__YOUR GOAL__.
Please output every record below exactly as written, leaving out any pictures.

__SOURCE DATA__.
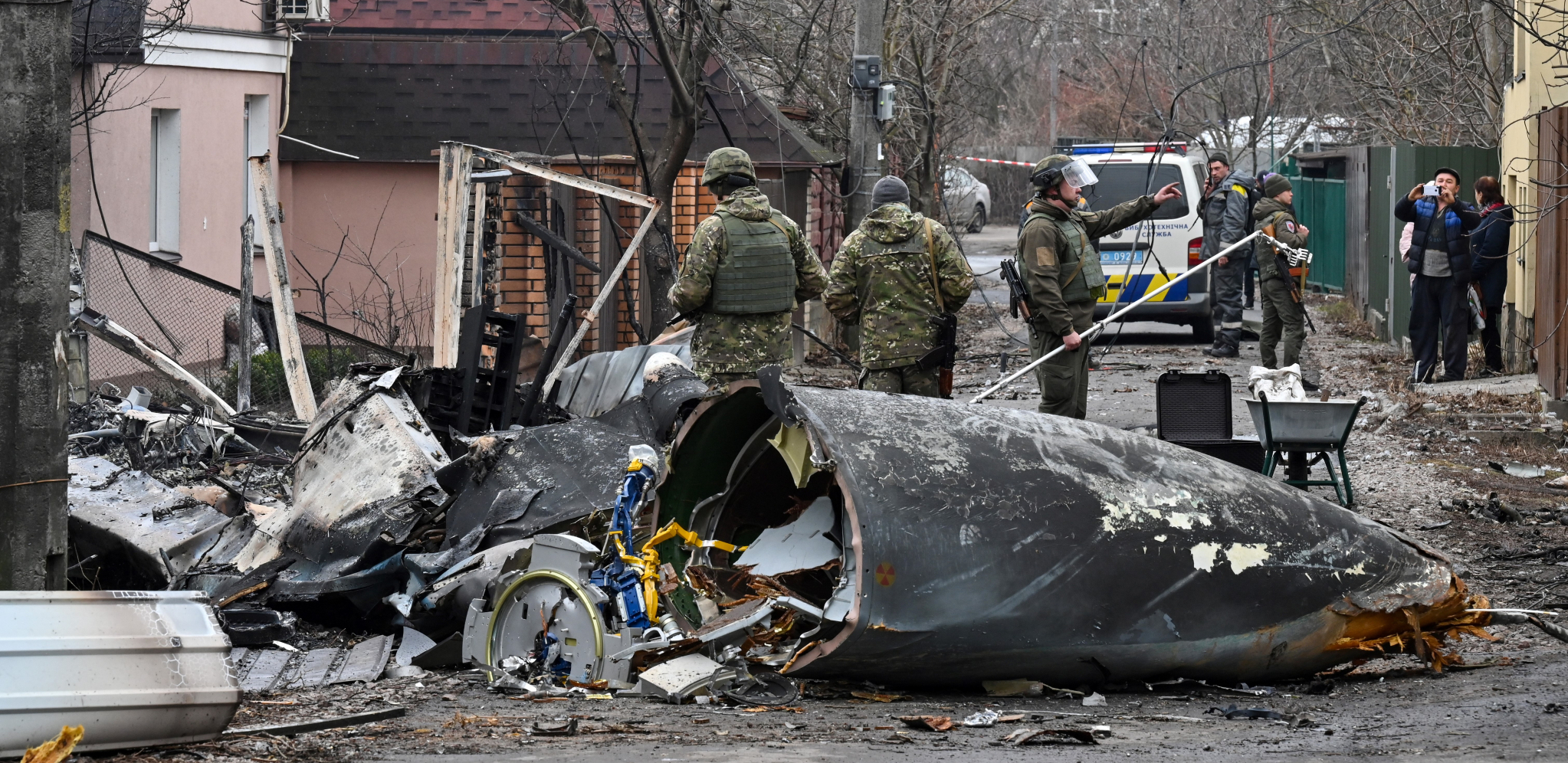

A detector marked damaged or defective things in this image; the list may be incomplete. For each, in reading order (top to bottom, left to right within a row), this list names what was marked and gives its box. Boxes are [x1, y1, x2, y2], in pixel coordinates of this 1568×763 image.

torn metal panel [0, 592, 241, 752]
torn metal panel [235, 369, 451, 573]
burnt metal debris [52, 338, 1555, 745]
torn metal panel [655, 385, 1474, 689]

__SOLUTION BELOW__.
A detector marked damaged or defective things in this image; the list may be incomplete. For each, in reading order (top to bottom, left to right within a row), this list names what was marked and gives its box. Boxes are [x1, y1, x2, y2], in pixel coordinates of this 1568×763 image.

torn metal panel [0, 592, 241, 752]
torn metal panel [235, 369, 451, 573]
burnt metal debris [52, 338, 1555, 745]
torn metal panel [655, 385, 1474, 689]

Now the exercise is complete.